**Crawled caption data**
########################################
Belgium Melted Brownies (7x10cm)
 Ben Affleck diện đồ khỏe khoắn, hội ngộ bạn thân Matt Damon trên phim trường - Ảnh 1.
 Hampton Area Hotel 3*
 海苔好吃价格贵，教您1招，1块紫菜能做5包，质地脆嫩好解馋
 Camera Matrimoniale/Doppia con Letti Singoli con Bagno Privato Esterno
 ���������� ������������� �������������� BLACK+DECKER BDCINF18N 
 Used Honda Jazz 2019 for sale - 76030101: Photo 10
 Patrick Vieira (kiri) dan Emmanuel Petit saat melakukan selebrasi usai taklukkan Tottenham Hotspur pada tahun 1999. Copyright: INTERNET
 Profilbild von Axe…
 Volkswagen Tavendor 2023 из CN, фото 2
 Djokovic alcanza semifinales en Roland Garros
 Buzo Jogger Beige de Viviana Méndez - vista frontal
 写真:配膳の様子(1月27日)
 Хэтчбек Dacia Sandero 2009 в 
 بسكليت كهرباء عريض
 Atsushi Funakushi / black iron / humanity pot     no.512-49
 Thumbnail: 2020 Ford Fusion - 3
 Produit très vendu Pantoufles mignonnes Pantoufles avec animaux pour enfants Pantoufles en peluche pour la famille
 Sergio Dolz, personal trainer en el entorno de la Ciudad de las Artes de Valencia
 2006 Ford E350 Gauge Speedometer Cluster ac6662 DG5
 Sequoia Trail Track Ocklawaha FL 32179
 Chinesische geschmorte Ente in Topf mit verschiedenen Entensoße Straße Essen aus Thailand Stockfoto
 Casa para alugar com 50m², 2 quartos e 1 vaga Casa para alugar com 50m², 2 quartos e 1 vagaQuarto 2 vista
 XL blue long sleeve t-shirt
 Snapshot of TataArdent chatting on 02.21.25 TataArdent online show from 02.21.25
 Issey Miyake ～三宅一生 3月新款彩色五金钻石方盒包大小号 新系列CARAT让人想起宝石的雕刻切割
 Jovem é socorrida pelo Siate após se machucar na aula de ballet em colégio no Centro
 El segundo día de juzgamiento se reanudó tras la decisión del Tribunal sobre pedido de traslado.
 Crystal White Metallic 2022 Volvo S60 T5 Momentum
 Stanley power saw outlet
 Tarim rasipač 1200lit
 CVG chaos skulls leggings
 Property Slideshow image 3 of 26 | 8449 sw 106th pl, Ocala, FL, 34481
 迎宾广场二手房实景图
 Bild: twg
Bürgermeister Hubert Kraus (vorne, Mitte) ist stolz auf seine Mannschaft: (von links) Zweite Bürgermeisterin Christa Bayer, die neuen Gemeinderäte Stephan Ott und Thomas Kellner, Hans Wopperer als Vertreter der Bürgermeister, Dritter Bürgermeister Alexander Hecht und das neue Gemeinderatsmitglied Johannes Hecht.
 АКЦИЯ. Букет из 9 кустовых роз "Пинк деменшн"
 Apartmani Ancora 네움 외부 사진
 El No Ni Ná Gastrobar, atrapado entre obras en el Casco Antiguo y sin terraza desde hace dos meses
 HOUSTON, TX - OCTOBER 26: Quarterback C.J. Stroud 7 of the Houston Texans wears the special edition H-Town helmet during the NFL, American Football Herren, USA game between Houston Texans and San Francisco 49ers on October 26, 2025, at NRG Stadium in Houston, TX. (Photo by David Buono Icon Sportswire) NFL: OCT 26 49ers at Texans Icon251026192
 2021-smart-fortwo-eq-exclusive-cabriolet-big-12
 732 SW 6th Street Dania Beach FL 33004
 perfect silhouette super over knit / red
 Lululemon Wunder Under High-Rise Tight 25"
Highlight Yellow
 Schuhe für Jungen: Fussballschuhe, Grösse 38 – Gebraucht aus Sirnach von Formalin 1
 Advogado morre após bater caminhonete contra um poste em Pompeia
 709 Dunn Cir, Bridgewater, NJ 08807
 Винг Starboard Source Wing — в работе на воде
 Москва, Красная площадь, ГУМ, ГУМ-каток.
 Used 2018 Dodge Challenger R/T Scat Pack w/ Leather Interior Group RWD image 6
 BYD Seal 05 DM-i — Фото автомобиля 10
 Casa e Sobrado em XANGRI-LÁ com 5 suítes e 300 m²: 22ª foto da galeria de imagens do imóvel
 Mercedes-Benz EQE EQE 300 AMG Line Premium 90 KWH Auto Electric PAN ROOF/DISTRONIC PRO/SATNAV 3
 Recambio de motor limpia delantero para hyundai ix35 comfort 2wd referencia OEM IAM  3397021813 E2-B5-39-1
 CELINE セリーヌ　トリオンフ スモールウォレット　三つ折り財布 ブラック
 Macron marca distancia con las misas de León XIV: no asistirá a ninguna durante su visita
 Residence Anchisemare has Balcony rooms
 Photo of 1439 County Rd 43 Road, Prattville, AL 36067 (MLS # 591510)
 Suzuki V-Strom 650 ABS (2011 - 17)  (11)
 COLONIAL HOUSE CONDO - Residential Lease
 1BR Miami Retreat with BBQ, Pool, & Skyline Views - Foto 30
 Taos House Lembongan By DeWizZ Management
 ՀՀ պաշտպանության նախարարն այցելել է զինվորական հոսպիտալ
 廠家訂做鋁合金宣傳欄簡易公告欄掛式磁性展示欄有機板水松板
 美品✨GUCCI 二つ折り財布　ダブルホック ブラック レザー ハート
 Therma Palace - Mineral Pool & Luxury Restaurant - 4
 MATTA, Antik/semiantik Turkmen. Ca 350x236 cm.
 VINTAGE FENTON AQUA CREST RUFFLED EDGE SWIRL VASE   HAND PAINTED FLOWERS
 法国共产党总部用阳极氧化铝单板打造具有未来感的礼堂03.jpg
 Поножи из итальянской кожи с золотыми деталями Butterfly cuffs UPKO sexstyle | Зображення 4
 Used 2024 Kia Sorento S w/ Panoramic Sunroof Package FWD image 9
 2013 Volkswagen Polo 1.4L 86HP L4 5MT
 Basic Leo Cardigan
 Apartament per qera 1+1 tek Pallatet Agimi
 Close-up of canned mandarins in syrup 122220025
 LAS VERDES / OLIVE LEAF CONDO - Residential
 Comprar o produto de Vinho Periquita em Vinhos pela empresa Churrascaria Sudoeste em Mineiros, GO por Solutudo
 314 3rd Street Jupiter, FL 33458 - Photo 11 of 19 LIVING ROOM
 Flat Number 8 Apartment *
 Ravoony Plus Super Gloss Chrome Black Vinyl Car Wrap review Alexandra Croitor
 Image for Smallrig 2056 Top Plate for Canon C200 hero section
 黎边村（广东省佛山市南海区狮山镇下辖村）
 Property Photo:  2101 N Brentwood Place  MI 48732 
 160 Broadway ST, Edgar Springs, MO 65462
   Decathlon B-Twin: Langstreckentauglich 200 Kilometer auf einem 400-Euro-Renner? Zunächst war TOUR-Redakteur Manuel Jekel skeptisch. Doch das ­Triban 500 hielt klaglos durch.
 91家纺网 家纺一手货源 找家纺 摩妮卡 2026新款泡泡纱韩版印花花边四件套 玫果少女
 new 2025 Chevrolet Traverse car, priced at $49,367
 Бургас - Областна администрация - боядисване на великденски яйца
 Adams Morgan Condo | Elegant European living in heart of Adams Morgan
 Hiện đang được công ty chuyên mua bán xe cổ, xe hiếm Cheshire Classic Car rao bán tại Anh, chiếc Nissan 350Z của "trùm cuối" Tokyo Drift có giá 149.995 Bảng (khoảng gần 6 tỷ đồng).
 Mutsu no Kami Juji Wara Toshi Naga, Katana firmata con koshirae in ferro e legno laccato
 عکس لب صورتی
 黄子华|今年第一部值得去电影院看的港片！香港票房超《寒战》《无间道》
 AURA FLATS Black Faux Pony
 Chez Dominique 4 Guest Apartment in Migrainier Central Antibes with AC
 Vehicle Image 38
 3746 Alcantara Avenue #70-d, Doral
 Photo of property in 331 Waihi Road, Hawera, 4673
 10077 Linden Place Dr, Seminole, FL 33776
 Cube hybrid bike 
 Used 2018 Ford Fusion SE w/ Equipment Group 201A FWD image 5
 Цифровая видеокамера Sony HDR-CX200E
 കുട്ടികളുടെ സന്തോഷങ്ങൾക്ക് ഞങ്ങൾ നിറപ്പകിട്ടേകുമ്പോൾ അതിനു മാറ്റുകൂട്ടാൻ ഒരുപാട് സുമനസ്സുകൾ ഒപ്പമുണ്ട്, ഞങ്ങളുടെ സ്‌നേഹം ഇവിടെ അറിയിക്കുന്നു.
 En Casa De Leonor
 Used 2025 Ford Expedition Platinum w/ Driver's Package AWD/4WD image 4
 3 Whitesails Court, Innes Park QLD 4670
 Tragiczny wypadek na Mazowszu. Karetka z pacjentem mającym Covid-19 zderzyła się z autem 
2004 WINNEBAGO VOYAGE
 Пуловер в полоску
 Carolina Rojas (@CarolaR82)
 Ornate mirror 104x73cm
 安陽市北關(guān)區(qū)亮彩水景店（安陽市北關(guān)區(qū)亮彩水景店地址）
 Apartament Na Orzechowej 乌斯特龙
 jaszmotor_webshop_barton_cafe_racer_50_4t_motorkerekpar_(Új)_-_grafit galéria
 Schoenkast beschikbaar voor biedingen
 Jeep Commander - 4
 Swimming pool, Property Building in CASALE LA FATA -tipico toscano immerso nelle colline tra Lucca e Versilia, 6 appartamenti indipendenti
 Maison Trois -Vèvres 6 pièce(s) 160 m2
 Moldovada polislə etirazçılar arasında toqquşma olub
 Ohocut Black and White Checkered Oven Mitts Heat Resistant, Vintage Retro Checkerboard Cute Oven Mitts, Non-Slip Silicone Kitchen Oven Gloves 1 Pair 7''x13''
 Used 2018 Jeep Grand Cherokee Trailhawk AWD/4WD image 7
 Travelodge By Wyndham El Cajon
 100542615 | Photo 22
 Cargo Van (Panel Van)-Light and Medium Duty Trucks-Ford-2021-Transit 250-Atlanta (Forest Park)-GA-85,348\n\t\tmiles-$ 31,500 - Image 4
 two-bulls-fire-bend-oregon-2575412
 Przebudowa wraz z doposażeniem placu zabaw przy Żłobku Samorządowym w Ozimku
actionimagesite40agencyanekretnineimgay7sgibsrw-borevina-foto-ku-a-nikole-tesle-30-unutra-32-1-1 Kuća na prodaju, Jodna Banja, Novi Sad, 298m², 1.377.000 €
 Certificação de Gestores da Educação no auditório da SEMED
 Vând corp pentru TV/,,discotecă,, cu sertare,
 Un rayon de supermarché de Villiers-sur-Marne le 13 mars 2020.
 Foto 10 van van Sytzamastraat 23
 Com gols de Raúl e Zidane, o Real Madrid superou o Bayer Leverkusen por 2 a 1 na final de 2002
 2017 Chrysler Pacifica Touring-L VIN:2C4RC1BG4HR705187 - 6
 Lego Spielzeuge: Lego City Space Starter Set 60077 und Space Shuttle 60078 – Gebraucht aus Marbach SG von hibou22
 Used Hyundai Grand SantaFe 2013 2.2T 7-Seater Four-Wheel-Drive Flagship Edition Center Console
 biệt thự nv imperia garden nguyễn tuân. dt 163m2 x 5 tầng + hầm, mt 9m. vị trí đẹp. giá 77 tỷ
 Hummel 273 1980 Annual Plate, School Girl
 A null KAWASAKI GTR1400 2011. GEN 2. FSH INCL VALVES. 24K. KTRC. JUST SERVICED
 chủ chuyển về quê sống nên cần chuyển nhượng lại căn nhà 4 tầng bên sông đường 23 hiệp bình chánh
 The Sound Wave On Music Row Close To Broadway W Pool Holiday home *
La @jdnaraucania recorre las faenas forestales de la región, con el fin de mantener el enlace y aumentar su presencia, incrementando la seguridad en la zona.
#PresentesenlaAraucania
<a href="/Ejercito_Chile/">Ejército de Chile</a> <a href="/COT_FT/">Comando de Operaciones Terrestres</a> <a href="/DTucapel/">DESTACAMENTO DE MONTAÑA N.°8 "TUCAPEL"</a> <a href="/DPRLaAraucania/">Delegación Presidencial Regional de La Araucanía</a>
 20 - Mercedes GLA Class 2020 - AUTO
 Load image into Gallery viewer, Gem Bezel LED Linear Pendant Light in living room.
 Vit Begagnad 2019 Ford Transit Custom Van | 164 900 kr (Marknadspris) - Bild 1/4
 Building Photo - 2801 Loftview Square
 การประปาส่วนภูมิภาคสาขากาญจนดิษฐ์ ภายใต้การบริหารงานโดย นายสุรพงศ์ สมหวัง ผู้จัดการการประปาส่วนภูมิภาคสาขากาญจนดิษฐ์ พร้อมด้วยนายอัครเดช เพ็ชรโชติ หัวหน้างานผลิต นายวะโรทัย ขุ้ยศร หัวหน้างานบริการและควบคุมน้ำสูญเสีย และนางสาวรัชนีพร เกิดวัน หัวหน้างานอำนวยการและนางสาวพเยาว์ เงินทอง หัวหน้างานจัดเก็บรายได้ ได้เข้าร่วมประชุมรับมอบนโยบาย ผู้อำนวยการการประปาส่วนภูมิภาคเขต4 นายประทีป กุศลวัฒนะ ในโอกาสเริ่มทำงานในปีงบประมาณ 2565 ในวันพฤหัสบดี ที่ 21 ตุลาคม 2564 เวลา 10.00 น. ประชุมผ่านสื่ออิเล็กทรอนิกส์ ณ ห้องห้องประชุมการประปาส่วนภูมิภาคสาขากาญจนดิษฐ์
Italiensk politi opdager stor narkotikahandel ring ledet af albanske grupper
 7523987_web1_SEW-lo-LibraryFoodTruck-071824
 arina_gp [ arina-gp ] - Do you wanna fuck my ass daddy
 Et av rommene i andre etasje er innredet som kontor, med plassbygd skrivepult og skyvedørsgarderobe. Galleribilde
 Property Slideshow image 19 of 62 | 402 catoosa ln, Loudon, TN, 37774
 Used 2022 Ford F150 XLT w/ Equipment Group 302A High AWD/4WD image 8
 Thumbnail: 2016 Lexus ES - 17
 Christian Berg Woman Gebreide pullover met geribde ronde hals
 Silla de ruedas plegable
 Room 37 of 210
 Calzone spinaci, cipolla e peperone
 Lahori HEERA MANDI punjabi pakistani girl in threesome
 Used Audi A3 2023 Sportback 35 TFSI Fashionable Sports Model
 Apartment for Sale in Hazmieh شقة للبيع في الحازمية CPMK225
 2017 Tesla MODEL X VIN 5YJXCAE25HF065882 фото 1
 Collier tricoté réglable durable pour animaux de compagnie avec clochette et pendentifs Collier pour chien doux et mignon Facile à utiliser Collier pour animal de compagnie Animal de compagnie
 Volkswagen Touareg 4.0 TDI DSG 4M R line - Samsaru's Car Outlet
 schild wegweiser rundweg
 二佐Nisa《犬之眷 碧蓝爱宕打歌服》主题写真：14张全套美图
########################################
**Task brief**
Your answer must be the lines from the first line of the entries above through the line that contains "Thumbnail: 2020 Ford Fusion - 3", written out exactly.

**Written solution**
Belgium Melted Brownies (7x10cm)
 Ben Affleck diện đồ khỏe khoắn, hội ngộ bạn thân Matt Damon trên phim trường - Ảnh 1.
 Hampton Area Hotel 3*
 海苔好吃价格贵，教您1招，1块紫菜能做5包，质地脆嫩好解馋
 Camera Matrimoniale/Doppia con Letti Singoli con Bagno Privato Esterno
 ���������� ������������� �������������� BLACK+DECKER BDCINF18N 
 Used Honda Jazz 2019 for sale - 76030101: Photo 10
 Patrick Vieira (kiri) dan Emmanuel Petit saat melakukan selebrasi usai taklukkan Tottenham Hotspur pada tahun 1999. Copyright: INTERNET
 Profilbild von Axe…
 Volkswagen Tavendor 2023 из CN, фото 2
 Djokovic alcanza semifinales en Roland Garros
 Buzo Jogger Beige de Viviana Méndez - vista frontal
 写真:配膳の様子(1月27日)
 Хэтчбек Dacia Sandero 2009 в 
 بسكليت كهرباء عريض
 Atsushi Funakushi / black iron / humanity pot     no.512-49
 Thumbnail: 2020 Ford Fusion - 3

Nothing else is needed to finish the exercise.